Operators can limit the number of containers and Diego cell instances that Diego starts concurrently. If operators impose no limits, your file storage may experience exceptionally heavy load during an upgrade.

To prevent overload, Cloud Foundry provides two major throttle configurations:

  • The maximum number of starting containers that Diego can start in Cloud Foundry: This is a deployment-wide limit. The default value and ability to override this configuration depends on the version of Cloud Foundry deployed. For information about how to configure this setting, see the Setting a Maximum Number of Starting Containers topic.

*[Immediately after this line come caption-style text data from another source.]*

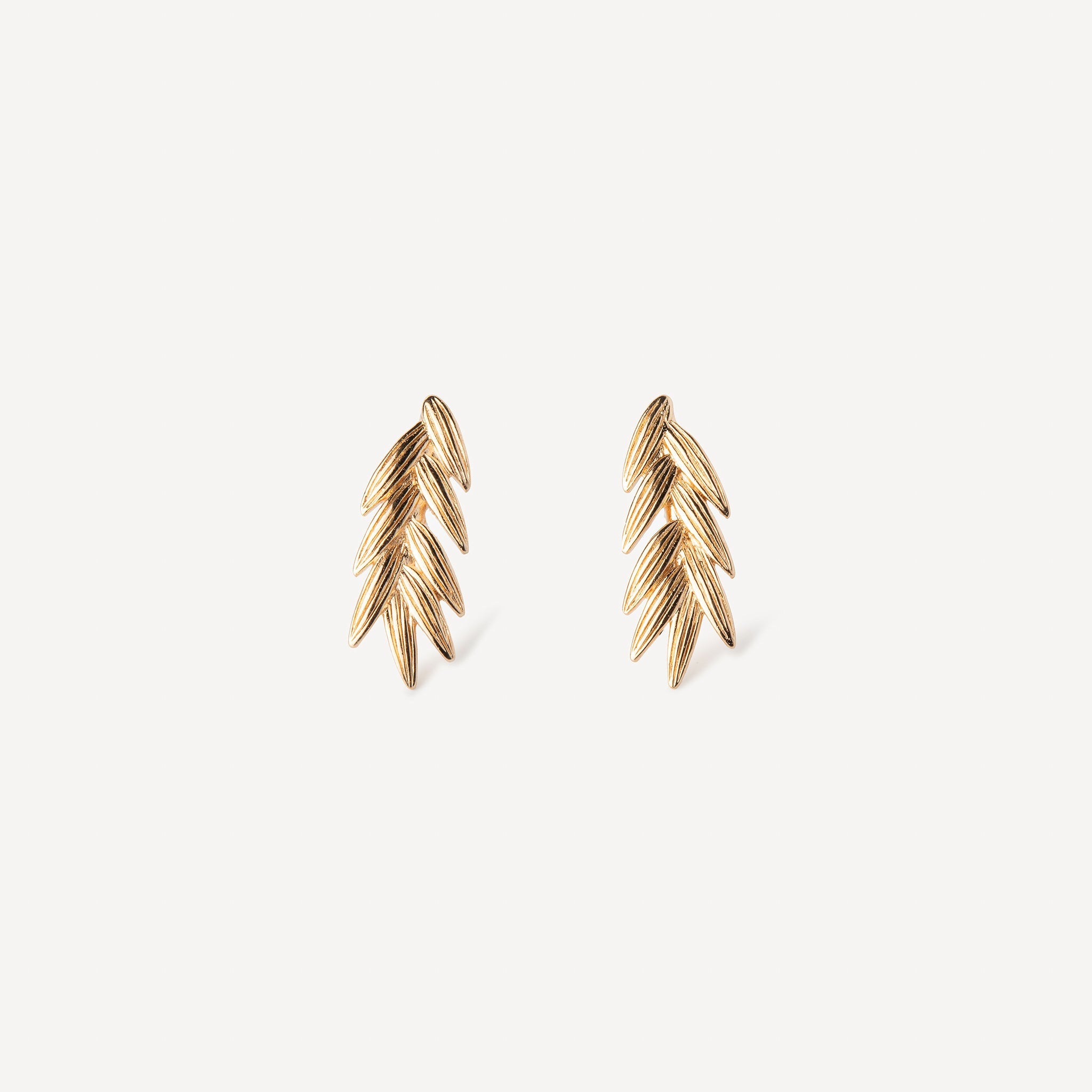 Boucles D'Oreilles Renaissance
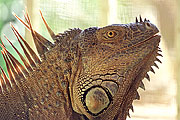 Picture 'Cr1_13_32 Iguana, Costa Rica'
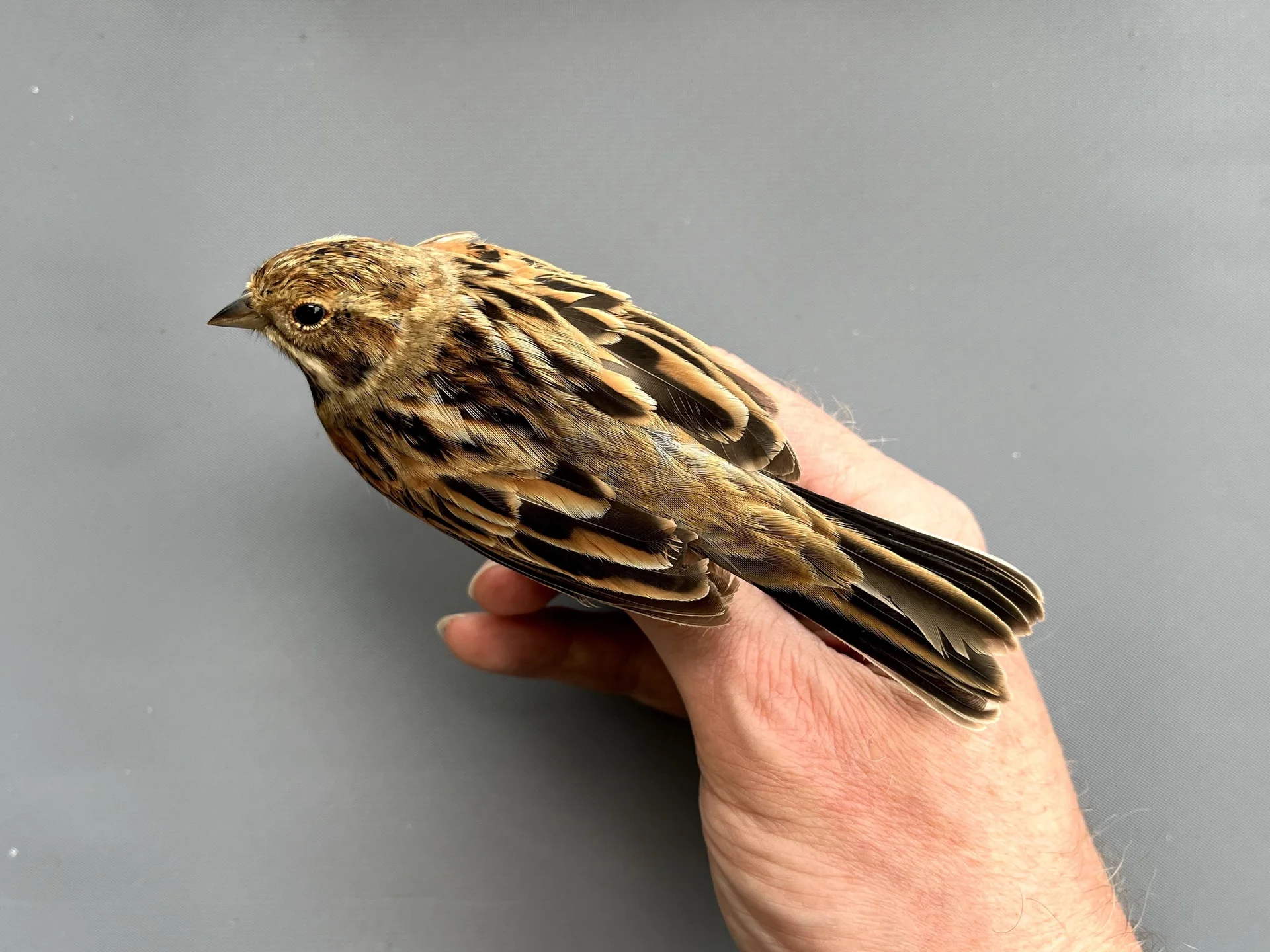 Vogelafbeelding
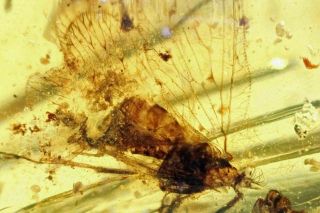 Burmese Amber,  Fossil Inclusion,  Interesting Insect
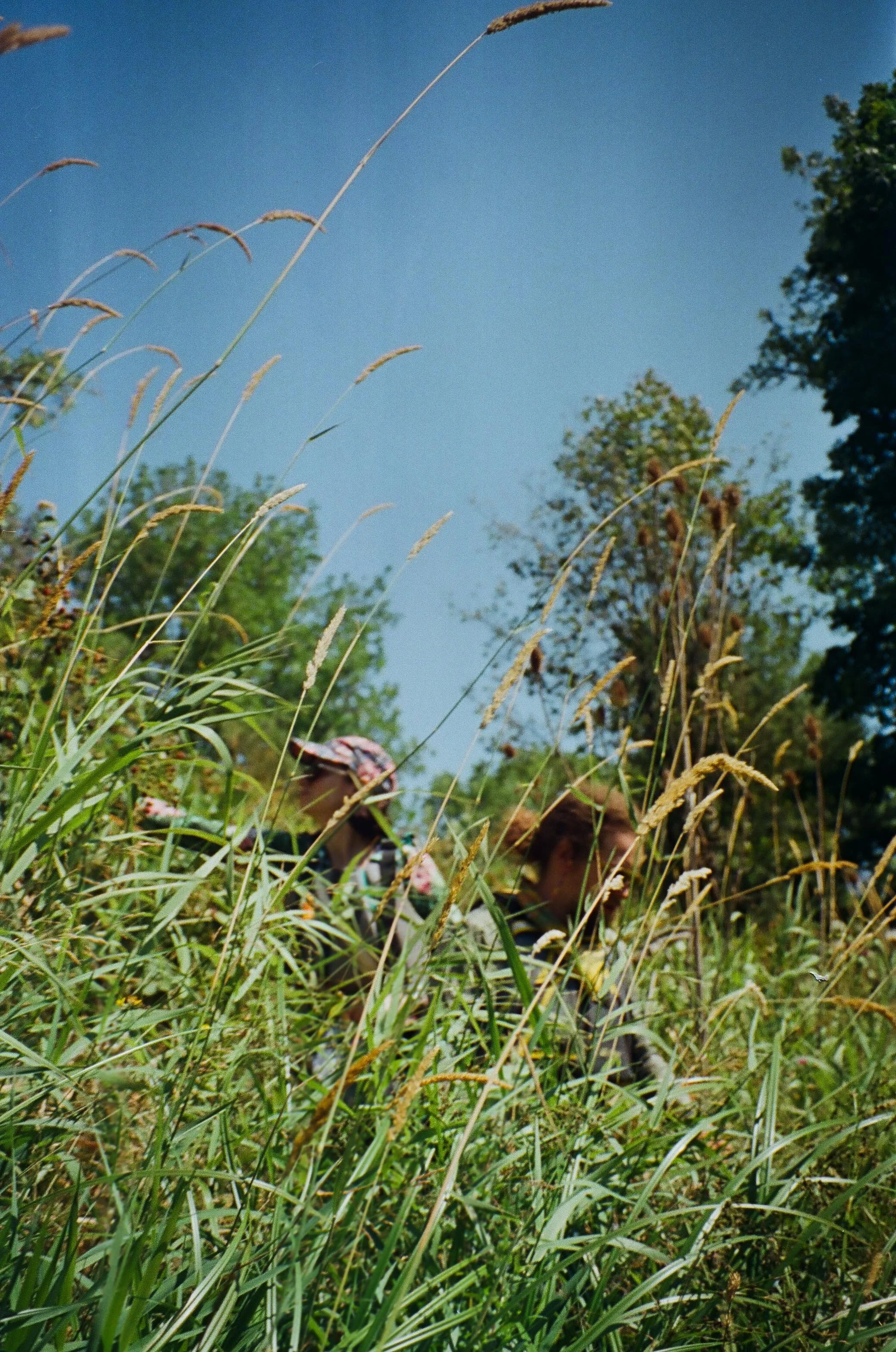 878431030006_### copy.jpg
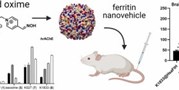 BODIPY-labelled acetylcholinesterase reactivators can be encapsulated into ferritin nanovehicles for enhanced bioavailability in the CNS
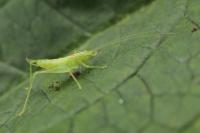 Meconema meridionale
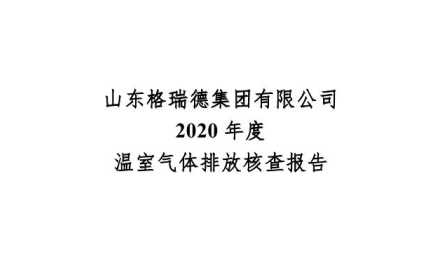 山东格瑞德集团有限公司-核查报告-2020年度
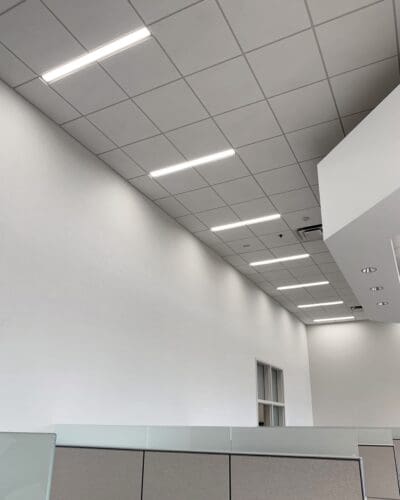 Eralux image 11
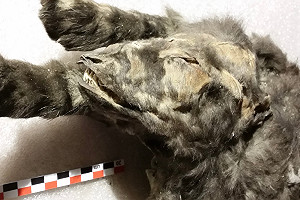 冰河時期小狼身世揭秘：非犬類祖先 而是野狼 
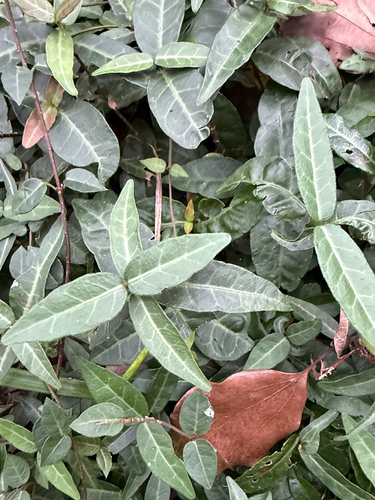 Star jasmine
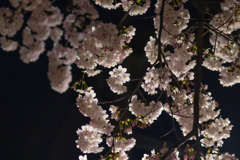 夜桜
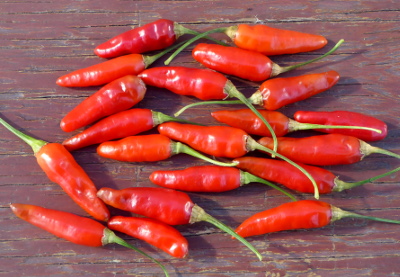 Aji Cirel chillies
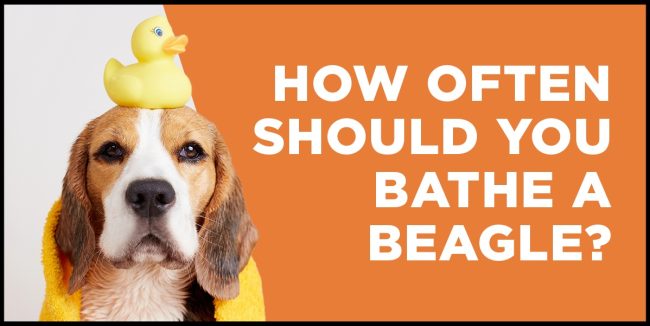 How Often Should You Bathe a Beagle? Essential Grooming Advice how often should you bathe a beagle
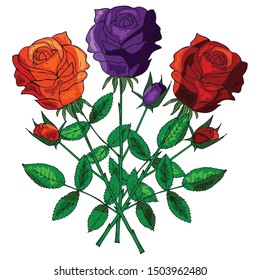 Vector beautiful bright bouquet of purple, burgundy and orange roses. Holiday. Valentine's Day. Gothic. Halloween. Realistic botanical doodling. Hand drawing. Isolated object on a white background.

  • The max_in_flight setting for the Diego cell job configured in the BOSH manifest: This configuration, expressed as a percentage or an integer, sets the maximum number of job instances that can be upgraded simultaneously. For example, if your deployment is running 10 Diego cell job instances and the configured max_in_flight value is 20%, then only 2 Diego cell job instances can start up at a single time.

    To retrieve or override the existing max_in_flight value in Ops Manager Director, use the Ops Manager API. See the Ops Manager API documentation.

The values of the above throttle configurations depend on the version of PCF that you have deployed and whether you have overridden the default values.

Refer to the following table for existing defaults and, if necessary, determine the override values in your deployment.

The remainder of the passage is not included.